On tenterhooks

by Laura Collacott

International anxiety has followed the American sub-prime crisis with fears of a domino effect around the world. Laura Collacott finds out if these fears are justified.

The world is hesitantly moving forward in its business transactions at the moment, fearful that the global economy will implode any second and plunge the international community into free fall.

Despite the maxim that ‘if the US economy sneezes’ the world gets sick, Europe’s biggest economies like Germany, France and Britain appear poised to push through any contagion.

Images of the Great Depression that followed Wall Street's 1929 crash are hastily pushed to the back of public conscience but even the strongest minds cannot help but entertain black images of international financial stagnation.

This may be an exaggeration but a very Malthusian angst is detectable amongst investors.
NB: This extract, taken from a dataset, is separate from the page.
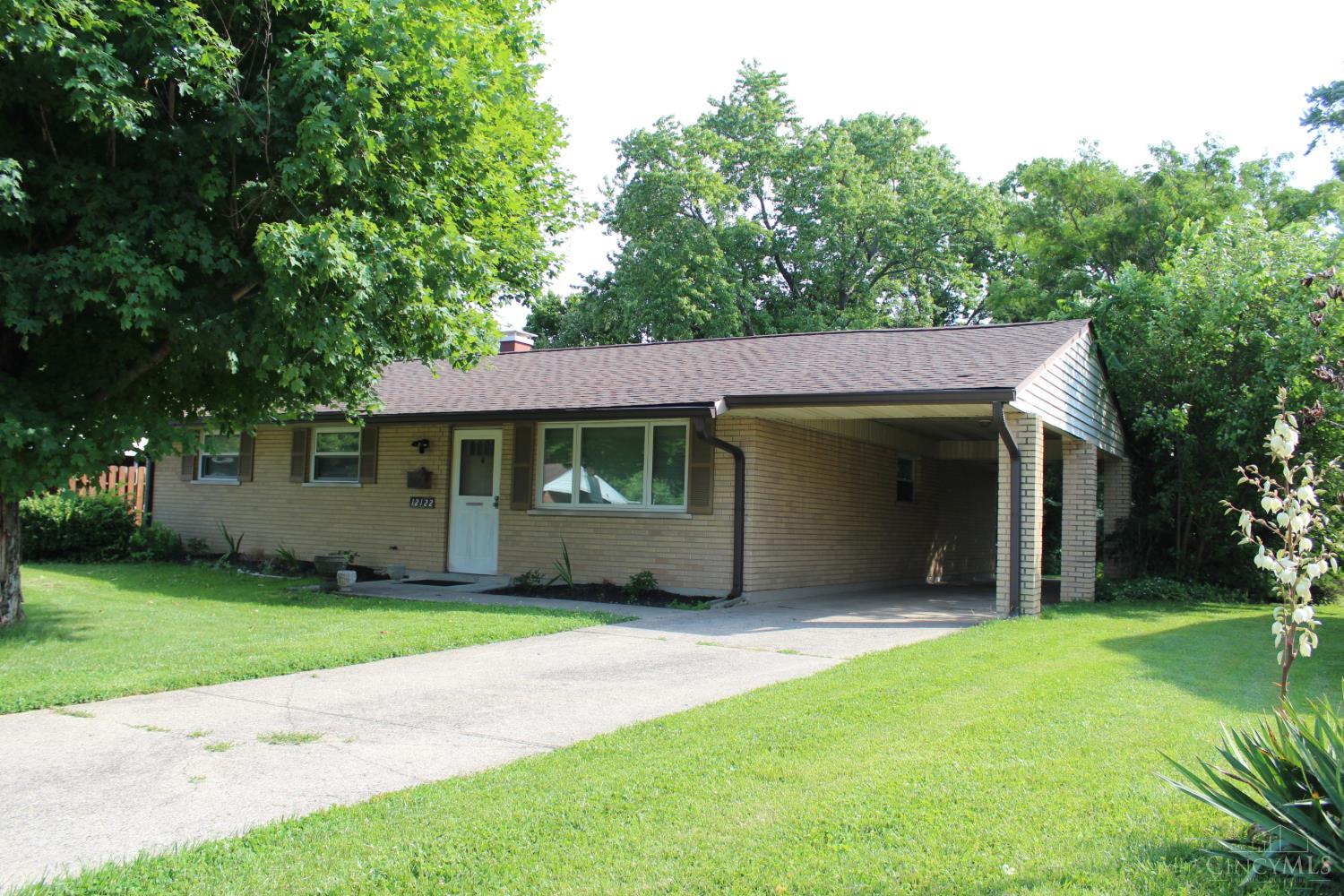 12122 Wincanton Drive Property Photo 1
When at the end of 2006 Nouriel Roubini, president of Roubini Global Economics, predicted a recession that he said would be "nastier, deeper and more protracted" than the 2001 recession, he was accused of being histrionic.

Critics heartily disagreed with him; one went as far as to call Roubini "the current archetypal Eeyore [Winnie the Pooh's eternally gloomy friend]", in reference to his economic pessimism. By his logic the growth phase that America had been enjoying was in large part supported directly and indirectly by housing.

A burgeoning housing market had fuelled the consumer market as a whole and been responsible for about 30% of the employment growth in the expansion period. A collapse in the housing market would have a domino effect on the rest of the economy.

And yet so far we have not seen a disastrous fallout from the American credit crunch. Global markets have continued to function more or less as normal. The large financial institutions have reported substantial losses and the US is generally considered to be in recession, but international business has not suddenly atrophied.

Though opinion is very much mixed, the truth about the sub-prime mortgage crisis and subsequent effects is, according many experts, far less gloomy than commonly thought.

The problems in the USA have all hinged on the credit systems available and a bubble in the housing market. Convention in America allows for consumers to move their mortgages around, refinancing to get the best available deal on interest and release some of the equity in their properties. The easy availability of credit and popular use of home-equity have fuelled a spending boom that came to an abrupt halt when the sub-prime market crashed from overexposure.

In the wake of this collapse, financial institutions have had to rally to protect themselves from losses as far as possible but the damage has been difficult to avoid, as demonstrated by the figures.

As big losses have been reported by major banks, confidence in certain investment vehicles has wavered. Risk aversion has become the order of the day, having a knock on effect on investments such as equities. Conversely, gold is seen as a much more stable asset and so has seen a surge in prices as people choose safer options.